How to Paint a Virtual Self-Portrait

©Judy Vorfeld

Would you search the Internet for a professional (e.g., CPA, physician, attorney, financial planner) and, upon finding a stunning Web site, plunk down your hard-earned money without checking that person's credentials?

When shopping on the Internet, do you head for www.harryanddavid.com or for www.heretodaygonetomorrow.com? When you buy clothing, do you click on www.nordstrom.com, or www.cheapandsleazyduds.com?

That's easy. Most of us prefer working with those Internet businesses having the best reputation for quality of product or service, invoicing, packing and shipping, and customer service.

But how can small or new businesses on the Internet compete with those like Harry and David and Nordstrom? What do successful Web business owners know that beginners do not? Much of it has to do with credentials, credibility, self-respect, and respect for others.

Successful bricks and mortar businesses, regardless of size and location, know that they must have quality products. They know that they must not only get the prospect into the store, but must make sure that they communicate everything clearly: prices, sizes, shapes, attributes, return policy, etc. They must provide pleasantly lighted surroundings with the proper temperature. And they must treat customers with respect. They must show that they value the customers' time.

Their shoppers don't need someone hovering nearby, but they do need to know help is always available, and that they will not be treated as criminals if they bring back a product that was the wrong size, the wrong model, or that has flaws.

The same principles hold true for a virtual business. If you want your business to succeed on the Web, spend some time and effort reflecting yourself. Your ethics. Your attitude toward your community. Treat your visitors with respect. How, you ask, do you respectfully treat a person you will never meet?

J. C. Penney Company has a site just for the full-figured woman. People can create their own permanent model based on the specifications they give online. The concept is dazzling and successful. They're aware of the sensitivity involved in asking someone to give weight and body dimensions. Check out their Just4Me privacy statement. This company is sensitive to the privacy its shoppers require and deserve. Way to go, J. C. Penney!

  1. Design an About Us page or group of pages. Create a business profile/resume as part of the area. Mention community involvement, such as volunteer work (schools, church, nonprofits, etc.). Note any professional affiliations, and any significant awards. Provide links to professional associations or organizations whenever possible. Write a bio of yourself in the form of a press release that people can easily find on your site. Whatever works for you.


  2. Post a privacy policy (to learn more about privacy policies, go to http://privacypolicy.com). Visitors need to know that while you may collect statistics on them, you will never SPAM them. Never. Find a Privacy Wizard to make a privacy policy for your site.


  3. Consider affiliating yourself with a group of ethical Internet professionals who will hold you accountable for your business ethics. Place the group's graphic on your pages when possible. If the graphic's too large, make a text link to the organization's URL. Put the name of the organization in as a keyword or as keywords in your Meta tags. Be creative.

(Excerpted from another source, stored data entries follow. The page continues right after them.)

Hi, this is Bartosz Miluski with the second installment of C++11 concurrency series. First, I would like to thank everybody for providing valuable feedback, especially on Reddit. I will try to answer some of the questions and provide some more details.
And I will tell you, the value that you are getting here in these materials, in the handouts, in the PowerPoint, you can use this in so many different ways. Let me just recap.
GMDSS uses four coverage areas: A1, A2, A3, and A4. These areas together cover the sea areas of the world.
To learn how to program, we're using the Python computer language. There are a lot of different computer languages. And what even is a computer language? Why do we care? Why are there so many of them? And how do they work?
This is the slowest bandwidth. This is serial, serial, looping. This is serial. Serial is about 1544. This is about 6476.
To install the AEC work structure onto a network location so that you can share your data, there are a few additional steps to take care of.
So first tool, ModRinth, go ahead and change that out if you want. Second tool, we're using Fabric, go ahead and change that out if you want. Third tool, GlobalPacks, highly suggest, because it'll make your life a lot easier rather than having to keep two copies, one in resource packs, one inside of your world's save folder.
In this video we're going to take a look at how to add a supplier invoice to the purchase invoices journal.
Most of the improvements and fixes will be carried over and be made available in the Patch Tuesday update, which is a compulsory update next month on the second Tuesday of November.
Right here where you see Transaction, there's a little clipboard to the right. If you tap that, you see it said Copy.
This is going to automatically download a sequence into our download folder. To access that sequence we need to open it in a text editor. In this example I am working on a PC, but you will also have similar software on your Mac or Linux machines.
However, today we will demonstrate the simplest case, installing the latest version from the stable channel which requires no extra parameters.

  4. Post your business name, address, phone and fax numbers, and e-mail address on every page of your site. Many people cannot click on "mailto" links, so the very best way is to link to your contact page. If possible, list prices for your services. Make everything on your site easy to navigate. This says, "I care about you" to the visitor.

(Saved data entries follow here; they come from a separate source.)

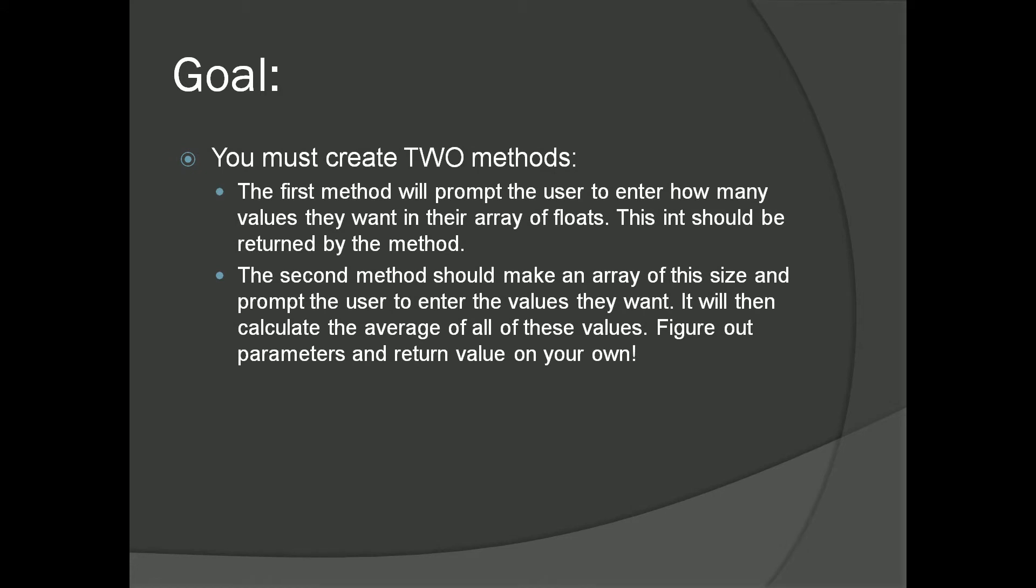The first method will prompt the user to enter how many values they want in their array of floats. This int should be returned by the method.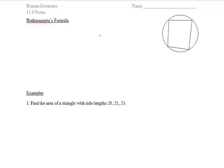For the second set of notes in section 11.8, we are going to discuss Brahmagupta's formula and do two example problems dealing with Heron's and Brahmagupta's formulas. Around 628 AD, a Hindu mathematician, Brahmagupta, recorded a formula for the area of an inscribed quadrilateral.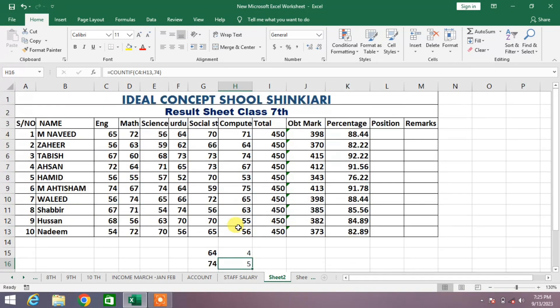So friends, that's a very simple way to check how many times a particular number appears in our data. If this video helps you in any way, please subscribe to my channel and hit the like button. Thanks for watching, thanks for your time, take care, goodbye.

  5. If you have trouble spelling and punctuating, hire someone to check your site text for typos. If you can't afford to hire someone, try bartering, or ask a friend or relative for help. Everything about your site - your text, graphics, design, and layout - makes a strong statement regarding the value you place on your visitor and on yourself. You will probably make mistakes, even when trying. We all do. And when someone brings it to your attention, you have the opportunity to make a new friend.

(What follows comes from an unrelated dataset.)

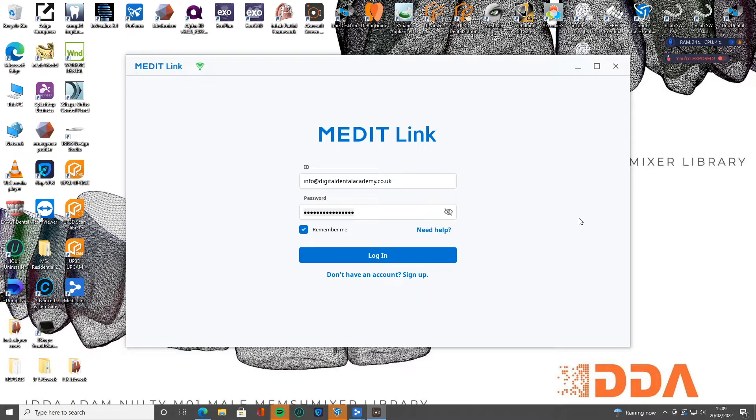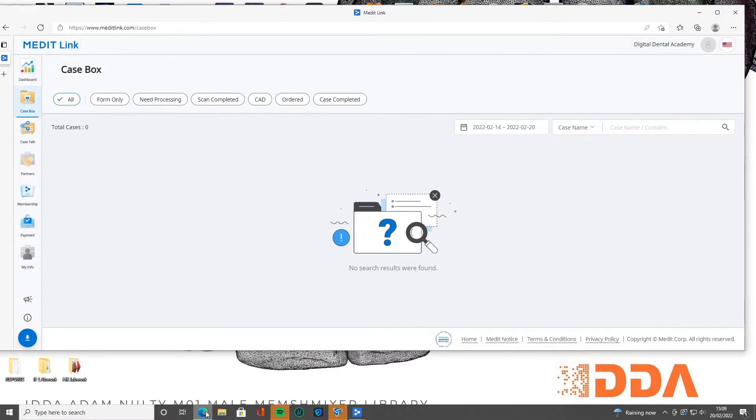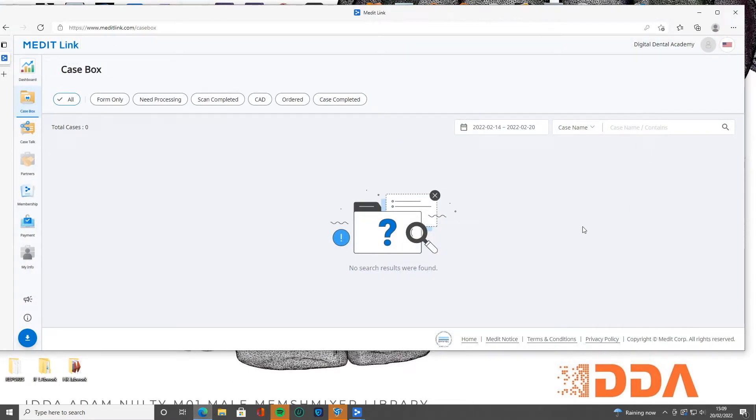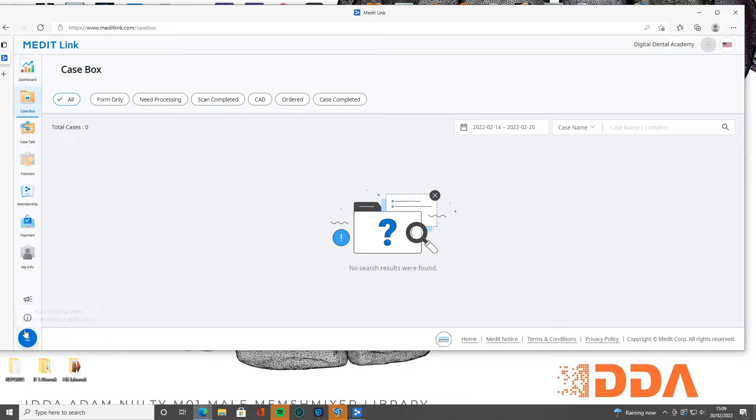So let's get started. First things first, when you get going with your scanner that you've been delivered, whether it be an i500, i700, first thing you want to do is we're going to go to MeditLink.com. You'll register there, you'll log this in. Once you've registered and logged in, you'll see on the bottom left here we have this little blue icon.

  6. Find a niche. Please! Even if your niche is as a multi-talented specialist. Don't try to sell your product or services to the entire world. Search for a way to show your uniqueness. Are you a specialist in something? Talk about how you use that specialty to ease the businessperson's stress. It doesn't mean you can't have other profit centers/niches. And if you have several specialties, clearly list them.

It's okay to start out being ignorant of the components that help make a successful Web business. It's also okay to work and re-work in an effort to improve your presentation. Talented, enthusiastic people run rampant through the Internet and your community. These wonderful people sometimes offer free help and mentoring for inexperienced business owners and designers. Search for the equipment to paint an authentic picture of yourself.

Make it easy for visitors to grasp the level of your professionalism. Let them see that you are there to make their lives easier. That you're trustworthy. That they can hire you for a project and expect you to see it through to the end. Efficiently and cost-effectively. You've then started painting enough of a picture for them to decide whether or not to transact business with you. It's a process that never stops.